-- Extracted records follows --
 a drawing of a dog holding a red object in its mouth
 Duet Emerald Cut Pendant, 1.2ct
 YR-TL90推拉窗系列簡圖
-- Extracted records concluded --
-- Extracted records follows --
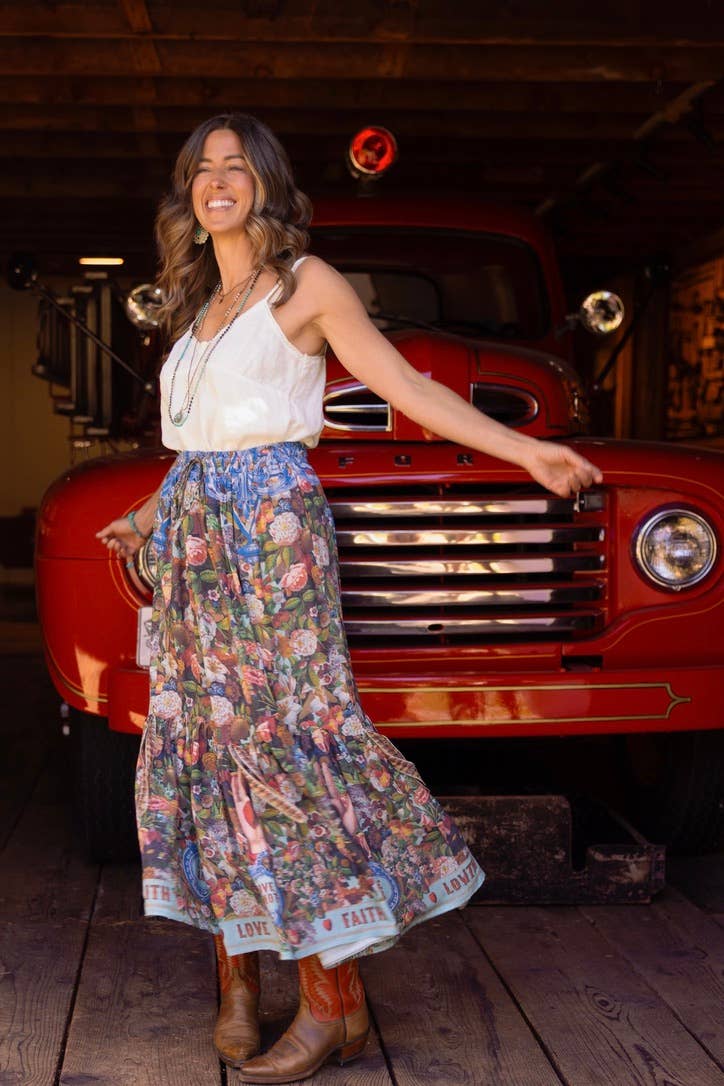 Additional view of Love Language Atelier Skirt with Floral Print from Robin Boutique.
-- Extracted records concluded --
-- Extracted records follows --
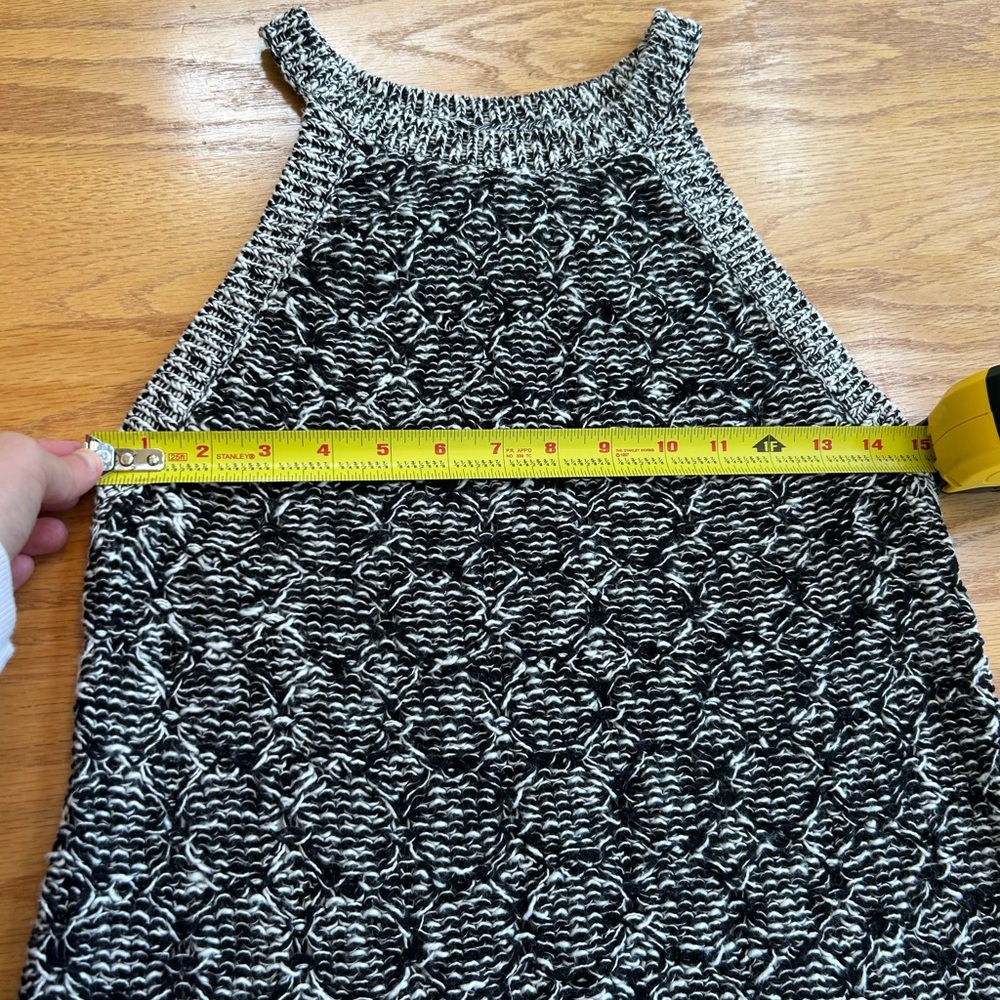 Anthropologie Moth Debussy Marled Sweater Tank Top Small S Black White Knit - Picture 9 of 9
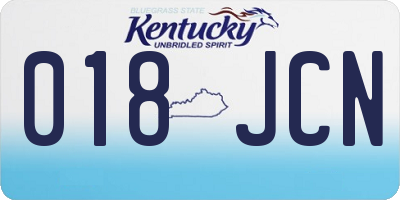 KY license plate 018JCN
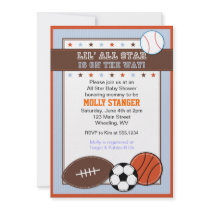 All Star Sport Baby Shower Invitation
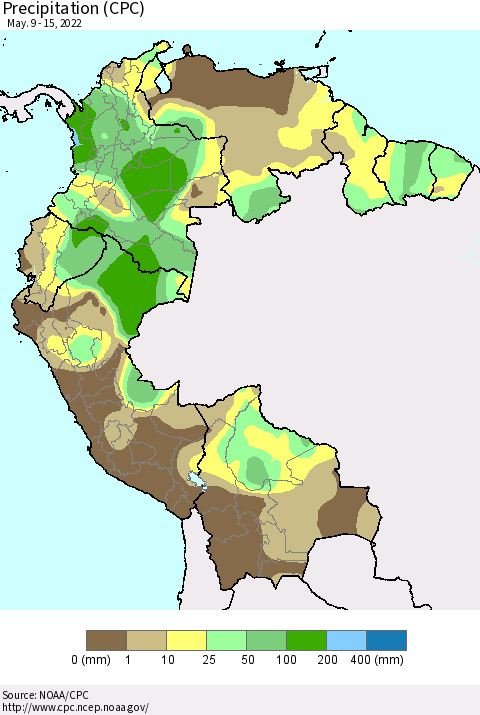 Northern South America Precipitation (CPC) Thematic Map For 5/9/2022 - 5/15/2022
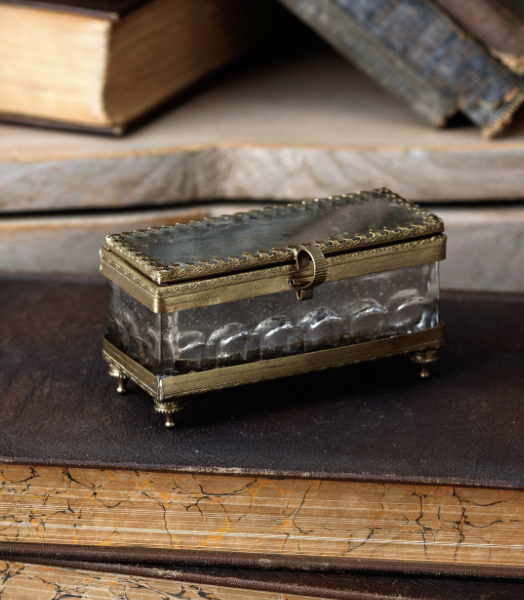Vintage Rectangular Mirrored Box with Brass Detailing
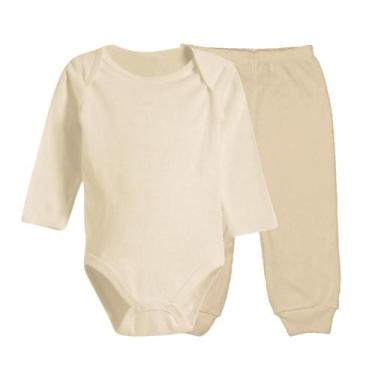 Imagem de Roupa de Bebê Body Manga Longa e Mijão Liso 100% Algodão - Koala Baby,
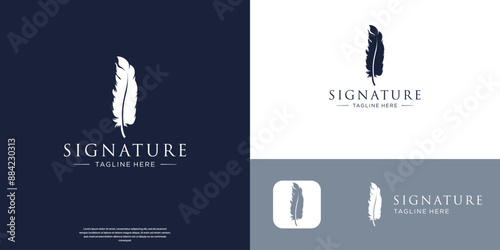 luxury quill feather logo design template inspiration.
-- Extracted records concluded --
§ Problem to work on
In the listing above, find the line with "All Star Sport Baby Shower Invitation" and the line with "luxury quill feather". Set down exactly those lines and everything between them, skipping pictures.

§ Reply
 All Star Sport Baby Shower Invitation
 Northern South America Precipitation (CPC) Thematic Map For 5/9/2022 - 5/15/2022
Vintage Rectangular Mirrored Box with Brass Detailing
 Imagem de Roupa de Bebê Body Manga Longa e Mijão Liso 100% Algodão - Koala Baby,
 luxury quill feather logo design template inspiration.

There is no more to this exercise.